■ **TASK TO CARRY OUT**
Reproduce the opening lines of the records exactly, up to and including the line in which "1 - Alpental" occurs.

■ **INFORMATION PROVIDED**
________________________

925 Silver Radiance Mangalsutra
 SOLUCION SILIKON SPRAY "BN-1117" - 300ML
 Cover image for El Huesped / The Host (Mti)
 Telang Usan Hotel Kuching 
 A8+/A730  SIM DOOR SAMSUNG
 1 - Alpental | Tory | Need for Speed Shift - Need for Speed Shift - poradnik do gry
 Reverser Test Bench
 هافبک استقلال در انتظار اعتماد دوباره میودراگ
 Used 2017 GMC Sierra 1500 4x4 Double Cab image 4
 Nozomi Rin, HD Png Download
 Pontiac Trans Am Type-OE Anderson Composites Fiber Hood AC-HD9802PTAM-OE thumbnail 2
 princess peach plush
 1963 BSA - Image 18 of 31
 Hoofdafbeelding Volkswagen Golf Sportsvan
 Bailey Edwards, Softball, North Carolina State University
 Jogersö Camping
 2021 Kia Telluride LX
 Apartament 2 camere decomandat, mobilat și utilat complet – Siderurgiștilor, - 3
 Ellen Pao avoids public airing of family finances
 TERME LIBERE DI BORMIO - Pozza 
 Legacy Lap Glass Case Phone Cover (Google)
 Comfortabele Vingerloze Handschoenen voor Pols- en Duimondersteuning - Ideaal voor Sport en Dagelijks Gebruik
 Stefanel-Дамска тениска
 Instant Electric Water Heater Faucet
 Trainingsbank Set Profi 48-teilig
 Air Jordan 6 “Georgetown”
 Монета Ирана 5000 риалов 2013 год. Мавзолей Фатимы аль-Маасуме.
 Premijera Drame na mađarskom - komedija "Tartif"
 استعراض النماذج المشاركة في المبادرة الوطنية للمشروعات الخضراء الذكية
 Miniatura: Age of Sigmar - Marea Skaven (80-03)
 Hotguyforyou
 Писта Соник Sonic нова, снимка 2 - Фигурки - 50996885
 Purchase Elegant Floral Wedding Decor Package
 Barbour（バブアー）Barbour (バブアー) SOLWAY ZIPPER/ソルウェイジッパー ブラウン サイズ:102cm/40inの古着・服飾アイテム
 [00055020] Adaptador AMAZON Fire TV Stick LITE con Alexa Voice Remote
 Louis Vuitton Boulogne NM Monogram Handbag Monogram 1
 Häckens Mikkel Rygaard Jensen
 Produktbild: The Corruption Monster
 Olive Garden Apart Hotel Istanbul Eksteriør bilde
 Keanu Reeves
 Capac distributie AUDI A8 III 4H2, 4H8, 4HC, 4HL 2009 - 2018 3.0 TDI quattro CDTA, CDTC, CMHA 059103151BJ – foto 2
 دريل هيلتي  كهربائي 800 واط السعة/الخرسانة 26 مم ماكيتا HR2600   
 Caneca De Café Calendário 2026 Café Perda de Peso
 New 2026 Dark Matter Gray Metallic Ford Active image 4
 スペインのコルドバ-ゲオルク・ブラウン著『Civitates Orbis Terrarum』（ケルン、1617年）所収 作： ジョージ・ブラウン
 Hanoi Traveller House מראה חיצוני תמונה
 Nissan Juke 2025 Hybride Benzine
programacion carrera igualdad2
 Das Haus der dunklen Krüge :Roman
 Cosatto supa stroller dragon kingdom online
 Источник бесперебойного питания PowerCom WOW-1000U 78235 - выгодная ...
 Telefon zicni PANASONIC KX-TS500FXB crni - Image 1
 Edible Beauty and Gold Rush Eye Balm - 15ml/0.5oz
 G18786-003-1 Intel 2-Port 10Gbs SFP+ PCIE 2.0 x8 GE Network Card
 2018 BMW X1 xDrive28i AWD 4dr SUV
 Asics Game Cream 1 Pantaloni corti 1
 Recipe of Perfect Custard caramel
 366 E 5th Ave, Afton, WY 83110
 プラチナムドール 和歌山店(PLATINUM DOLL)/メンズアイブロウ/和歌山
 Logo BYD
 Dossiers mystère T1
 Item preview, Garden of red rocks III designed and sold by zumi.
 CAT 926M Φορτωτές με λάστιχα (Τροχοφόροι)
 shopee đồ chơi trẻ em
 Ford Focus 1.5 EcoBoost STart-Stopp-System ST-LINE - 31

________________________

■ **TASK ANSWER**
925 Silver Radiance Mangalsutra
 SOLUCION SILIKON SPRAY "BN-1117" - 300ML
 Cover image for El Huesped / The Host (Mti)
 Telang Usan Hotel Kuching 
 A8+/A730  SIM DOOR SAMSUNG
 1 - Alpental | Tory | Need for Speed Shift - Need for Speed Shift - poradnik do gry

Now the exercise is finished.